Et il se remit à manger son pain et son fromage en accotant son épaule sur le montant de la fenêtre, car il se reposait debout, ainsi que les chevaux de coucou, l'une de ses jambes relevée et appuyée contre l'autre, sur le bout du soulier.

« Quel tour pourrions-nous jouer à ce chinois-là ? » dit à voix basse le troisième clerc nommé Godeschal en s'arrêtant au milieu d'un raisonnement qu'il engendrait dans une requête grossoyée par le quatrième clerc et dont les copies étaient faites par deux néophytes venus de province.
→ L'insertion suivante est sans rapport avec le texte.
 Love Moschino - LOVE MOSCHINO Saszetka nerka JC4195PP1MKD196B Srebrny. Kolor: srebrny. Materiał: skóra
Puis il continua son improvisation : « ..._ Mais, dans sa noble et bienveillante sagesse, Sa Majesté Louis Dix-Huit _ (mettez en toutes lettres, hé ! Desroches le savant qui faites la Grosse !), _ au moment où Elle reprit les rênes de son royaume, comprit_... (qu'est-ce qu'il comprit, ce gros farceur-là ?) _ la haute mission à laquelle Elle était appelée par la divine Providence !......_ (point admiratif et six points : on est assez religieux au Palais pour nous les passer), _et sa première pensée fut, ainsi que le prouve la date de l'ordonnance ci-dessous désignée, de réparer les infortunes causées par les affreux et tristes désastres de nos temps révolutionnaires, en restituant à ses fidèles et nombreux serviteurs _ (nombreux est une flatterie qui doit plaire au Tribunal) _ tous leurs biens non vendus, soit qu'ils se trouvassent dans le domaine public, soit qu'ils se trouvassent dans le domaine ordinaire ou extraordinaire de la couronne, soit enfin qu'ils se trouvassent dans les dotations d'établissements publics, car nous sommes et nous nous prétendons habiles à soutenir que tel est le esprit et le sens de la fameuse et si loyale ordonnance rendue en... ! _ Attendez, dit Godeschal aux trois clercs, cette scélérate de phrase a rempli la fin de ma page. -- Eh bien, reprit-il en mouillant de sa langue le dos du cahier afin de pouvoir tourner la page épaisse de son papier timbré, eh bien, si vous voulez lui faire une farce, il faut lui dire que le patron ne peut parler à ses clients qu'entre deux et trois heures du matin : nous verrons s'il viendra, le vieux malfaiteur ! » Et Godeschal reprit la phrase commencée : « _ rendue en..._ Y êtes vous ? demanda-t-il.

-- « Oui», crièrent les trois copistes.

Tout marchait à la fois, la requête, la causerie et la conspiration.